» **WHAT IS REQUIRED**
Reproduce the following data exactly, minus any images.

» **INFORMATION PROVIDED**

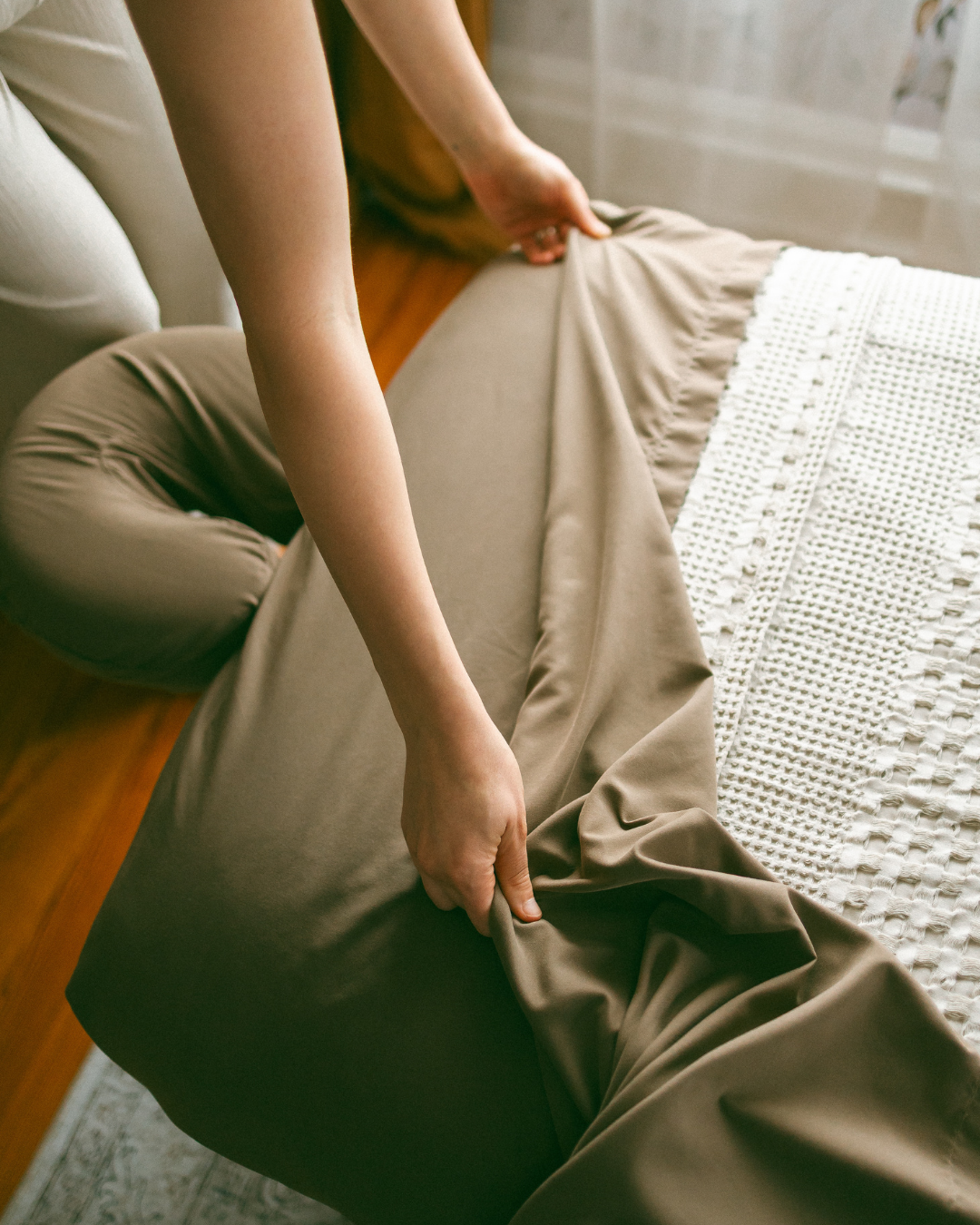 Personalized massage treatment tailored to each client's wellness and recovery goals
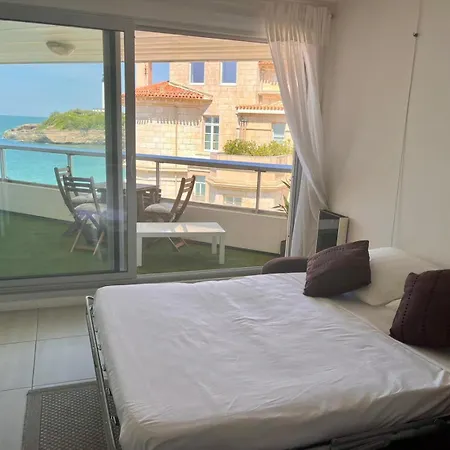 Front De - Luxe & Thalasso * Biarritz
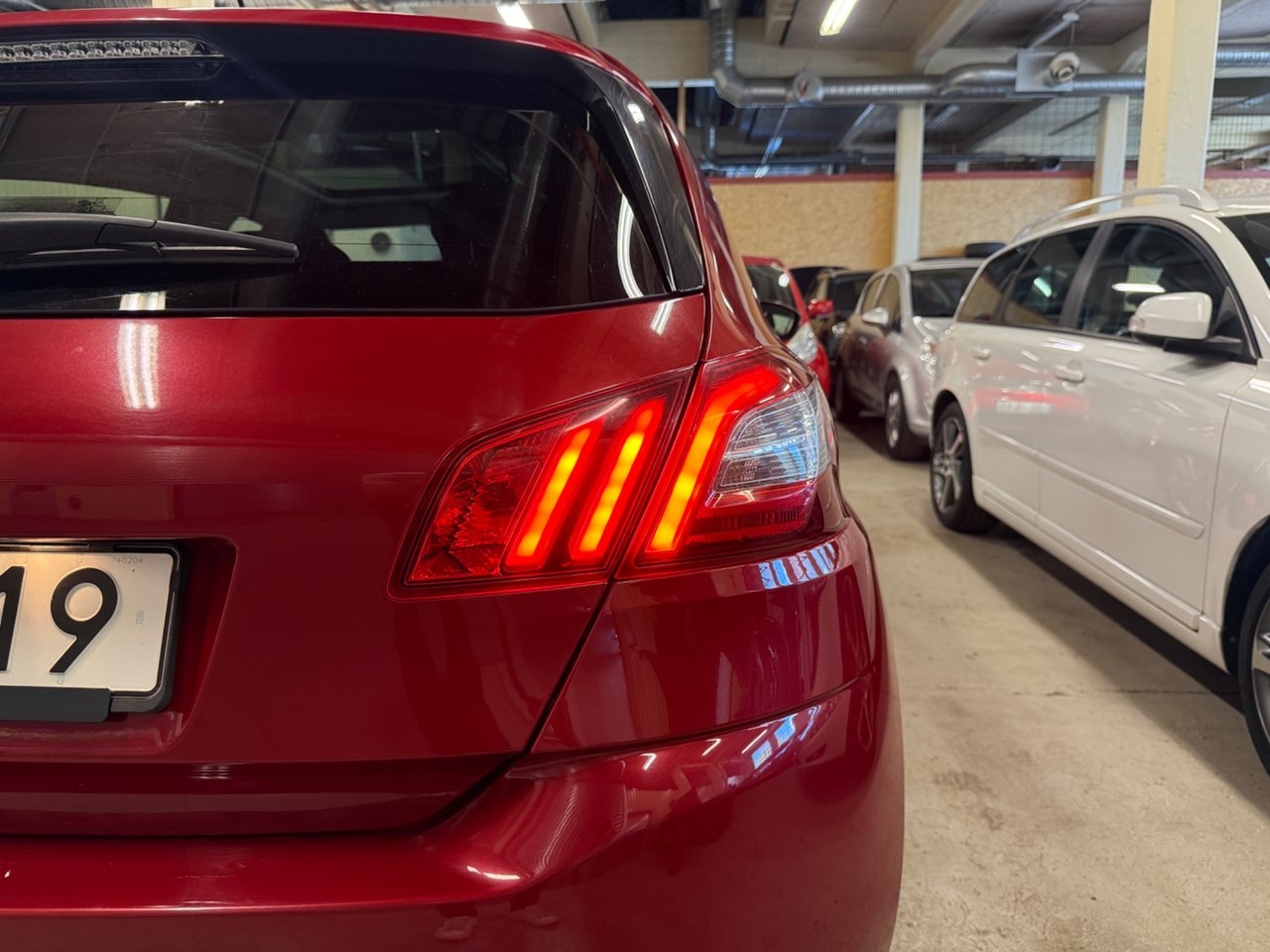 Peugeot 308 2014, bild 3/10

» **RESPONSE TO THIS TASK**
 Personalized massage treatment tailored to each client's wellness and recovery goals
 Front De - Luxe & Thalasso * Biarritz
 Peugeot 308 2014, bild 3/10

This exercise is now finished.